## What to work on:
Of the lines in the data below, write out exactly those from the one holding "It keeps me" through the one holding "The Anne Klein", both included.

## Provided data:
━━━━━━━━
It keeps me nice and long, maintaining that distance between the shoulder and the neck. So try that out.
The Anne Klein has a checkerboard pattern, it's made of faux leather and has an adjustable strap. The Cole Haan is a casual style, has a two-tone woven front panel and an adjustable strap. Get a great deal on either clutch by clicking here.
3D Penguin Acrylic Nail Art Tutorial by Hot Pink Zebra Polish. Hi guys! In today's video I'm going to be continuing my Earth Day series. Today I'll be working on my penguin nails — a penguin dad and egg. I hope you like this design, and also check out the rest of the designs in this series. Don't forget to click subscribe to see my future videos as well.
━━━━━━━━
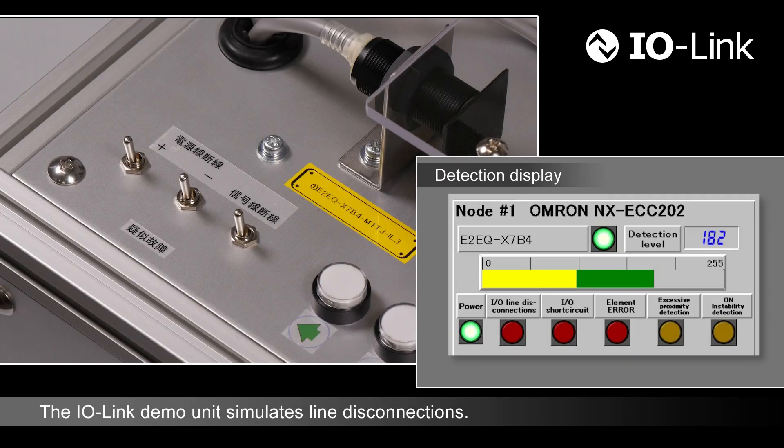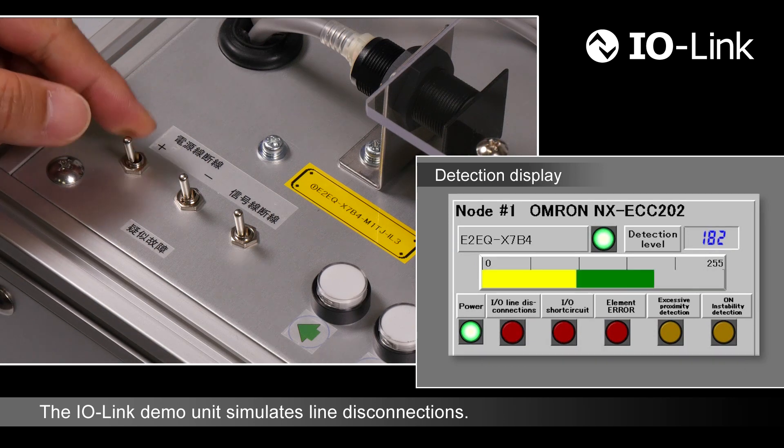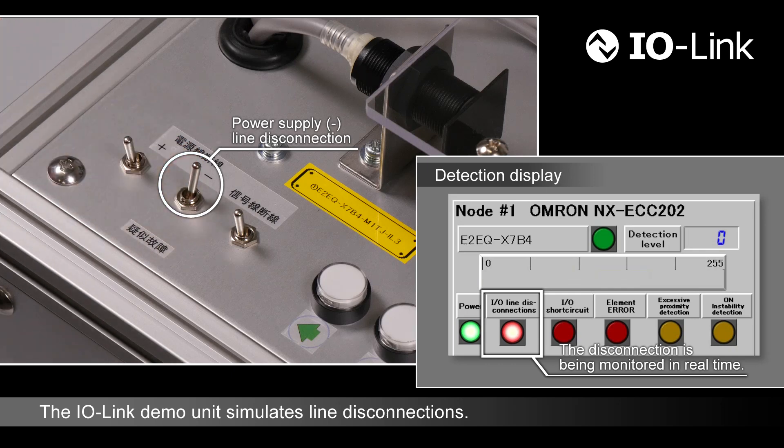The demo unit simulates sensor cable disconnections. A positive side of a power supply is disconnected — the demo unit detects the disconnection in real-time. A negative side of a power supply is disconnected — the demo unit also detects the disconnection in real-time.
━━━━━━━━
## Reply:
It keeps me nice and long, maintaining that distance between the shoulder and the neck. So try that out.
The Anne Klein has a checkerboard pattern, it's made of faux leather and has an adjustable strap. The Cole Haan is a casual style, has a two-tone woven front panel and an adjustable strap. Get a great deal on either clutch by clicking here.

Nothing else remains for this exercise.